◆ **DATA SHOWN**:
-----
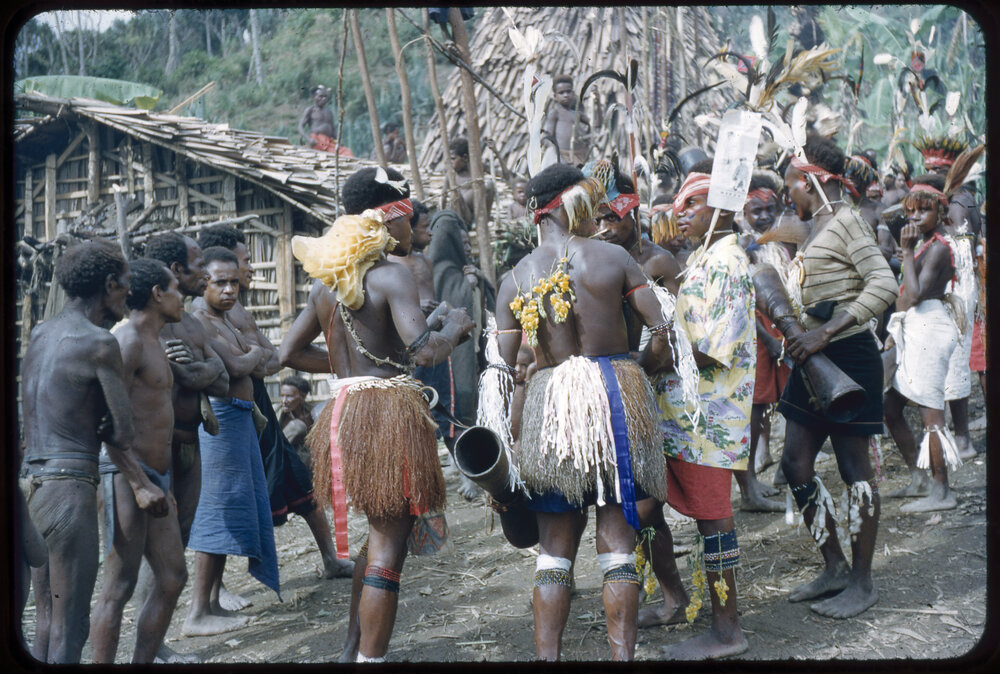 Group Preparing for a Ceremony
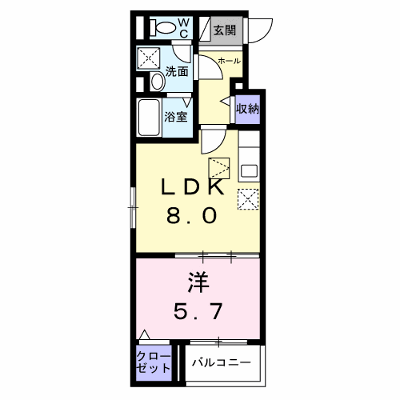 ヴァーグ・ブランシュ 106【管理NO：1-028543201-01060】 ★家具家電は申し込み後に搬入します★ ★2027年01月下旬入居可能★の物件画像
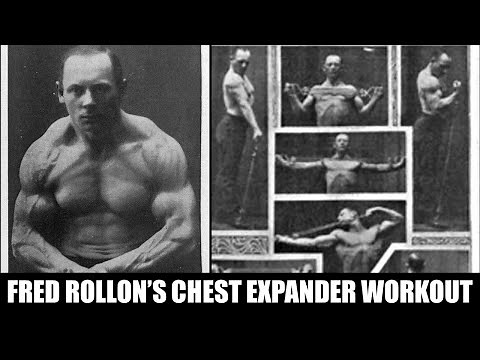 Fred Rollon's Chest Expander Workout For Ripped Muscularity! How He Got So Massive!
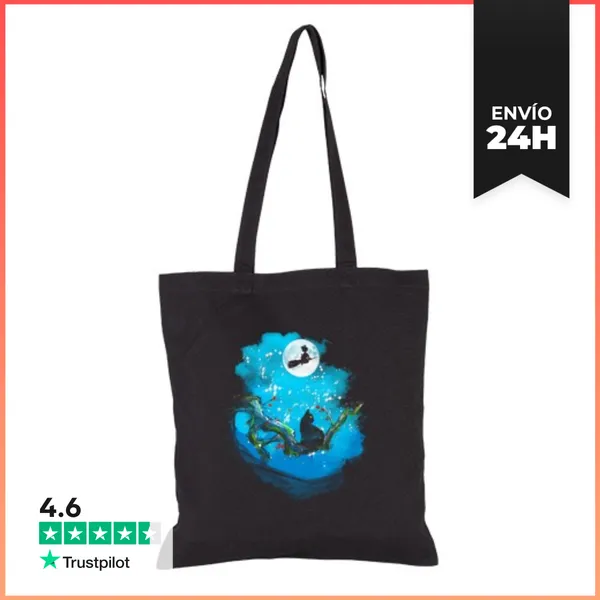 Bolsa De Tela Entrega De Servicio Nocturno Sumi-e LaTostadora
-----
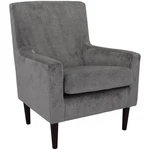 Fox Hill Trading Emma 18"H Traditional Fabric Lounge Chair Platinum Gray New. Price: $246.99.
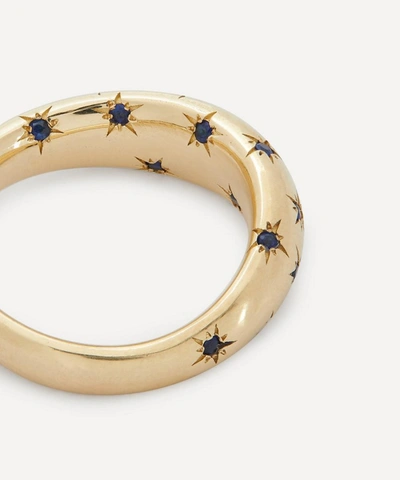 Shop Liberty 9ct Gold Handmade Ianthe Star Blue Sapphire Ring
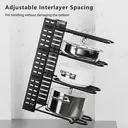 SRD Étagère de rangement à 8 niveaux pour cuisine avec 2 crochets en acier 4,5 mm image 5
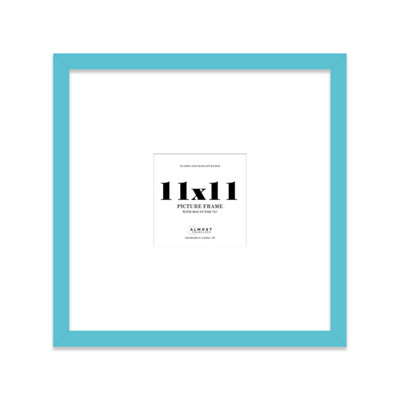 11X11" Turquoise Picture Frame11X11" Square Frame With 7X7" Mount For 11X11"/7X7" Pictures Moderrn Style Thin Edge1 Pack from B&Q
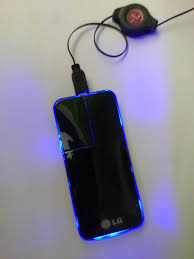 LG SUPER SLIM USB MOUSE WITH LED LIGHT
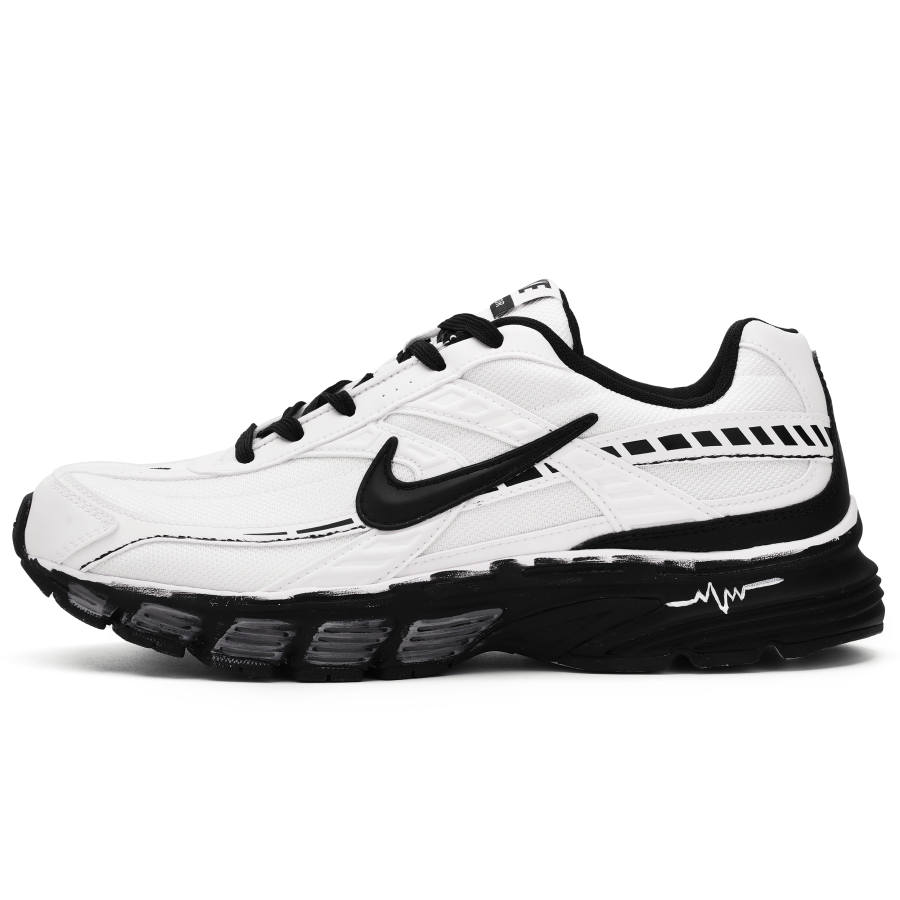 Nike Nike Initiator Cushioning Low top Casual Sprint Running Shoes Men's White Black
-----
◆ **TO DO**:
From the records above, write out exactly the lines that begin at the line with "Pack from B&Q" and end at the line with "Nike Nike Initiator". Pictures must not appear in the output.

◆ **RESPONSE TO THIS EXERCISE**:
 11X11" Turquoise Picture Frame11X11" Square Frame With 7X7" Mount For 11X11"/7X7" Pictures Moderrn Style Thin Edge1 Pack from B&Q
 LG SUPER SLIM USB MOUSE WITH LED LIGHT
 Nike Nike Initiator Cushioning Low top Casual Sprint Running Shoes Men's White Black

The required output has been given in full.